When the string breaks, your wish comes true. Uh, what? I’d be
wishing I didn’t spend $25 on a necklace I was gonna lose! My point
is that you can create something which may or may not be well made
or well intentioned, but it seems to be all about marketing and
building relationships so you have repeat customers. I agree with
those who have said that on the job experience is more valuable than
school. However, if you want to be a designer, don’t forget to just
play with materials sometimes. That helps keep ideasfresh. Just my
two cents. Gerald, I would have loved to see those wind chimes!


#19

Hi all

However, there are people who make a living making jewelry which
is not intended to last or be repaired. 

See this stuff all the time. Asked to repair a ring with a broken
shank…5 mm thick just a disaster waiting to happen.

Person was not happy that to re-shank the ring was more than it
cost. Well hello cheap jewellery is usually cr*p jewellery. Also did
not like to be told it was probably not sterling, just a cheap
casting from Asia.

Not all of this comes from Asia, see a lot of gold rings with weak
shanks and too thin claws etc.

Also the chain store con of all rings are too small for the average
person so have to pay to have it re-sized.

Had a customer complain the chain store engagement ring had the
diamond fall out twice and she had to pay to have it reset.

She said her husband, a police officer was not happy. Gave her the
right info to deal with the store. Went in with husband in uniform.
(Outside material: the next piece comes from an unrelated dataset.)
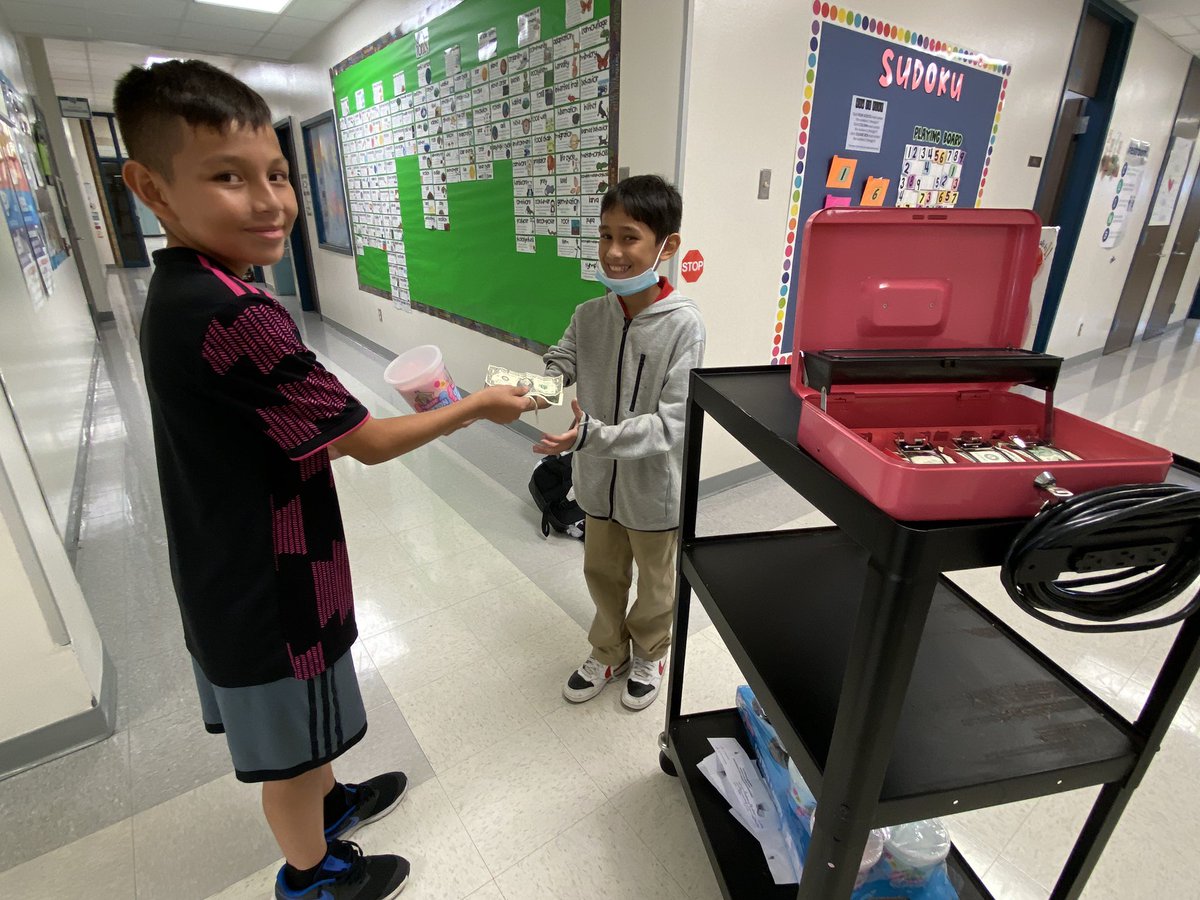 vickicasco7's tweet photo. @ClubHill_Cougar 5th graders working to raise money for camp scholarships…Real world learning 💙💚 @msgordons4 https://t.co/XkF9LZnW8s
Ring re-clawed and refunds forth coming. These guys do the trade no
favours.

I guarantee my jewellery for life. All components over engineered.
Had 2 repairs in 25 years, not my fault pieces were dropped on
concrete or shut in doors. Fixed for free. Quality and service set
you apart from the rest.

all the best
Richard.


#20

Hi Eleanor and others

There is also amazing, innovative jewelry out there. And some of it
could be considered art jewelry. I personally like to make jewelry
that people feel is like art they are wearing. But I also think it
needs to be made well (sloppy solder seams and lumpy bezels are not
an artistic statement to me), and I think it needs to look wearable.
Weird for weird's sake is just ridiculous. 

yes there is wonderful jewellery out there. I make many classic
designs. But I also make unique fused and reticulated gem set pieces.
All made to the highest quality. Quality fabrication and unique
designs and very wearable.

Sold a ring the other week, rose quartz ball in a reticulated shank.
Thought pushed this too far no one will buy this.

Had many look at over a few weeks, then this guy just put it on and
fell in love with this. Had never seen anything like it.

Told him this is what I make when I am bored at the bench. There
will never be another one of these. This ring was for him but I could
see he was short of cash gave him a discount and his girlfriend paid
with plastic. Both happy and me too.

They may be hungry till pay day but love can feed you well.

These are the sales that make my day. When I see the enrapturement
on the client’s face money is secondary.

I am such a sucker for this. Still made a good profit, I am not a
complete idiot just an emotional one.